KAMPALA – For decades, the greatest fear about automation has been simple: robots will replace workers, artificial intelligence will eliminate professions and millions of people will be left without jobs. A new World Bank report on East Asia and the Pacific tells a more complicated story. Technology is changing work, but it is not necessarily destroying it. The real divide is emerging elsewhere, between countries and workers prepared for the transition and those that are not.
That distinction should command the attention of Ugandan policymakers.

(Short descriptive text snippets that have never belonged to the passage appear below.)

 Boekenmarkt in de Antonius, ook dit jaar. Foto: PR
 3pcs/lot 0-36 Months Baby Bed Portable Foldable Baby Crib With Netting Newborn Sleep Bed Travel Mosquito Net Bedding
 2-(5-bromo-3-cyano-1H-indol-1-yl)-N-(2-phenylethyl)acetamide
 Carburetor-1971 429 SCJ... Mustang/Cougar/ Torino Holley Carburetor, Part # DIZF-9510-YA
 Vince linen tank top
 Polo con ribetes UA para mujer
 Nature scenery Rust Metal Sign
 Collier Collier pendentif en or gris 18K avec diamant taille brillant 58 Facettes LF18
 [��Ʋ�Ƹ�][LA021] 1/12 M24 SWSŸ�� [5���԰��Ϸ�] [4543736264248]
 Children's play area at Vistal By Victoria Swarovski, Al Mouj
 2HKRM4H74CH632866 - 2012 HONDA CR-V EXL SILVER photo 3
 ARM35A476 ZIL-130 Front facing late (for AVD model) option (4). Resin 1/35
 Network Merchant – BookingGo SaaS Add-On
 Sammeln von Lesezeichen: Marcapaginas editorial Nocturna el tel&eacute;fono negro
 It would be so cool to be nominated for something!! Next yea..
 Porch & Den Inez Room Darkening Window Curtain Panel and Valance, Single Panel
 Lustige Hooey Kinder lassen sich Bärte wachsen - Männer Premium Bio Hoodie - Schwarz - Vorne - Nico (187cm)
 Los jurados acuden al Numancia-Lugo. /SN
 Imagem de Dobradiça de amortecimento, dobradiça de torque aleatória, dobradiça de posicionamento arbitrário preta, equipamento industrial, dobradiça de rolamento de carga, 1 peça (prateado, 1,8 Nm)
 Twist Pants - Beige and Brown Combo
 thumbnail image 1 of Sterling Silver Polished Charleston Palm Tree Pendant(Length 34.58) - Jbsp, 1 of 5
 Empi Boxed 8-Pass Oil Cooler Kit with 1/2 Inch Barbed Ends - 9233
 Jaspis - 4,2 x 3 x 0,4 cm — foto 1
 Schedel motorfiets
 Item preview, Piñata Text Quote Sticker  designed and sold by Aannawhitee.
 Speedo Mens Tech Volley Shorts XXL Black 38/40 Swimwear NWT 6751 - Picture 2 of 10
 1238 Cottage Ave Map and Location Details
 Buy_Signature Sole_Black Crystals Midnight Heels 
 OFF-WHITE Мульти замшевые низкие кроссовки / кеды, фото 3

The report finds that robots, AI and digital platforms have generally boosted employment across East Asia because productivity gains have created new demand. In Vietnam, for example, automation was associated with increases in both employment and labour income, even as routine jobs disappeared. The machines did not simply replace workers; they changed the type of work that was valuable.
The winners, however, were not distributed evenly.
Low-skilled workers performing repetitive manual tasks were more likely to lose formal jobs or drift into the informal economy. In contrast, workers with technical, cognitive and digital skills benefited from expanding opportunities. In five countries studied, robots displaced an estimated 1.4 million low-skilled formal workers but also helped generate roughly two million skilled jobs through higher productivity and business expansion.
That paradox carries an important lesson. The greatest threat is not automation itself but failing to prepare people for it.
For Uganda, where youth unemployment and underemployment remain persistent concerns, the debate often centres on whether technology will destroy scarce jobs. The evidence suggests a different question: will Ugandan workers possess the skills that future employers actually need?
The report also dismantles another common misconception, that manufacturing inevitably declines as automation spreads. In several East Asian economies, industrial employment continued growing alongside rising robot adoption because productivity improvements made firms more competitive in global markets. Countries such as China and Vietnam used technology not to replace industry but to strengthen it.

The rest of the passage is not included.